Le saviez-vous ? Dans les traditions ukrainienne, moldave et roumaine, le barde itinérant – parfois aveugle – est nommé « kobzar ».

5- le ménestrel

Nous arrivons en plein Moyen Âge, précisément aux XIIe et XIIIe siècles.

Le ménestrel est alors un poète et musicien ambulant qui va de château en château, tout en étant rattaché à un seigneur. Il chante des vers composés par lui ou par d’autres. Il est également jongleur. Un artiste complet !

En dehors de ce contexte et dans la langue soutenue, le nom ménestrel désigne un poète et un chanteur.
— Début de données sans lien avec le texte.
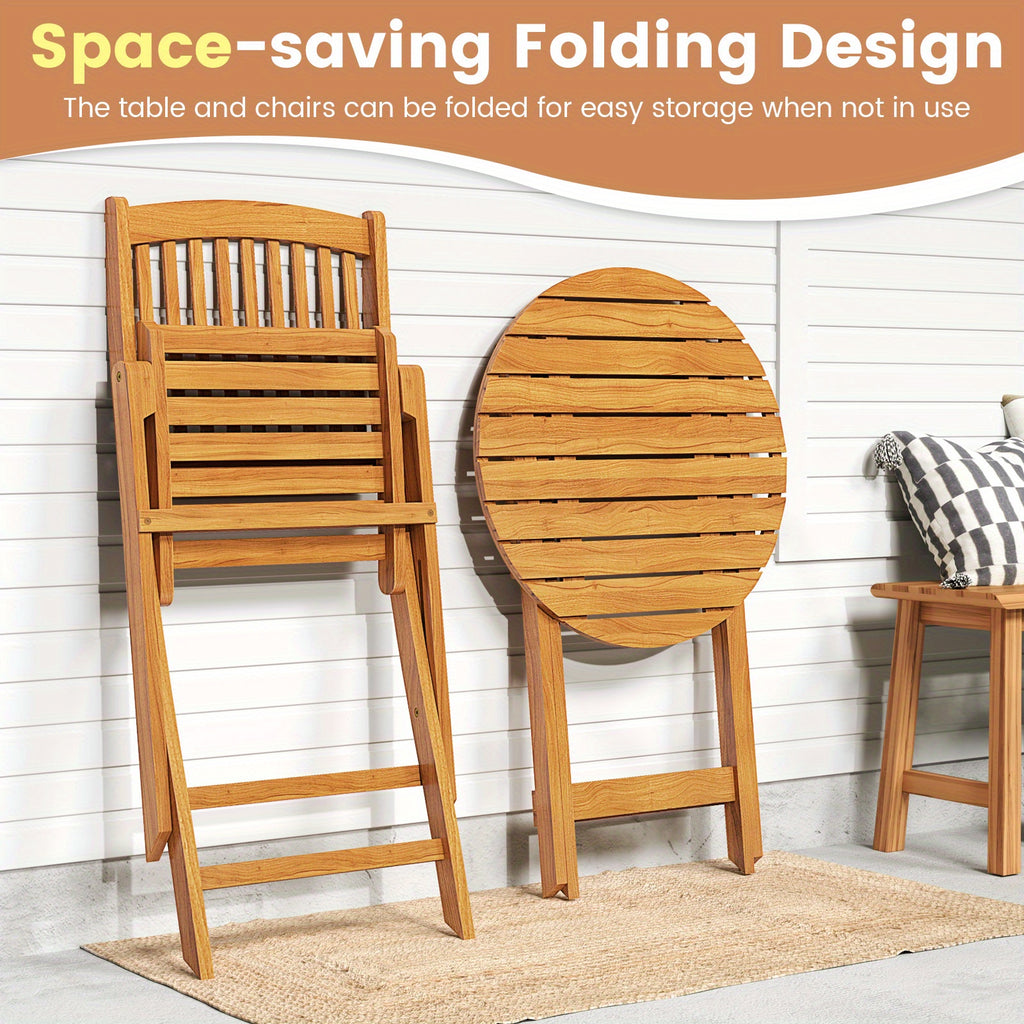 LIFEZEAL 3pcs Acacia Wood Patio Folding Bistro Set, Outdoor Table and Chairs Set with Soft Cushions, Patio Furniture Set for Porch, Balcony, Garden, Deck and Backyard.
« Ménestrel » est de la même famille que… « ministre » ! En effet, il est issu du latin ministerialis, où l’on reconnaît la racine minister, « serviteur ». Autre mot de même origine : « ménétrier ». Anciennement, c’était un violoniste de village, qui escortait les noces.

6- le trouvère

Restons aux XIIe et XIIIe siècles pour écouter le trouvère, ce poète lyrique du nord de la France, qui s’exprime en langue d’oïl. Il pouvait également être jongleur, comme le ménestrel.

La langue d’oïl, c’est la langue romane parlée au Moyen Âge dans le nord de la France, ancêtre du français, mais aussi du wallon.

Le mot est issu du bas latin trovare ou tropare, « composer un poème ». Cette racine se retrouve dans tropus, qui a donné « trope » (figure de rhétorique).

7- Le troubadour

Le troubadour est connu pour être « l’équivalent » du trouvère, mais pour le sud de la France.

Ce poète, également lyrique, s’exprime en langue d’oc, qui a notamment donné l’occitan et le catalan et que l’on retrouve dans le nom de la région « Languedoc ».

Le troubadour est le premier à avoir incarné, dès le XIIe siècle, l’amour courtois, cette façon d’aimer (et de vivre) avec honnêteté, vertu et respect, qui inspire encore les artistes de nos jours. Ainsi, dans son album À l’aube revenant (2020), Francis Cabrel rend hommage aux troubadours et au fin’amor (l’autre nom, occitan, de l’amour courtois).

8- Le félibre

Le félibre est au XIXe siècle ce que le troubadour est au XIIe siècle : un poète de langue d’oc. À cela près que le félibre peut être aussi prosateur.


Plus spécifiquement, on appelle « félibre » l’adepte du félibrige, une association fondée en 1854 par un collectif de poètes occitans provençaux, Frédéric Mistral à sa tête. Elle oeuvre dans un but de « sauvegarde et de promotion de la langue, de la culture et de tout ce qui constitue l’identité des pays de langue d’oc ».

Le nom félibre serait directement issu du provençal felibre signifiant « docteur de la loi ». Cependant, Mistral lui-même rattachait le mot au latin fellibris, « nourrisson » (dérivé du latin fellare, « sucer »), partant de l’image ancienne qui fait des poètes les nourrissons des Muses.

Notons que l’anagramme de « félibre » est « fébrile ».

9- le scalde

Tout en restant dans le passé, nous quittons l’Hexagone pour entendre le « scalde ». Au Moyen Âge, c’était un poète de cour (et chanteur) norvégien et islandais. Plus généralement, c’est le nom que les anciens Scandinaves donnaient à leurs poètes.

Le mot est directement tiré du scandinave skald qui signifie « poète ».

10- le griot

Un peu plus au sud, à présent, nous rencontrons le griot. En Afrique subsaharienne, c’est un membre de la caste des poètes musiciens ambulants, dépositaires de la culture orale et réputé être en relation avec les esprits.

D’où vient le nom griot ? Possiblement du portugais criado signifiant « domestique », « serviteur ». Et au féminin ? « griot » devient « griotte » ; oui, comme la cerise !

Le saviez-vous ? Au Cameroun et au Gabon, on nomme « mvet » le griot dans le groupe ethnique ekang.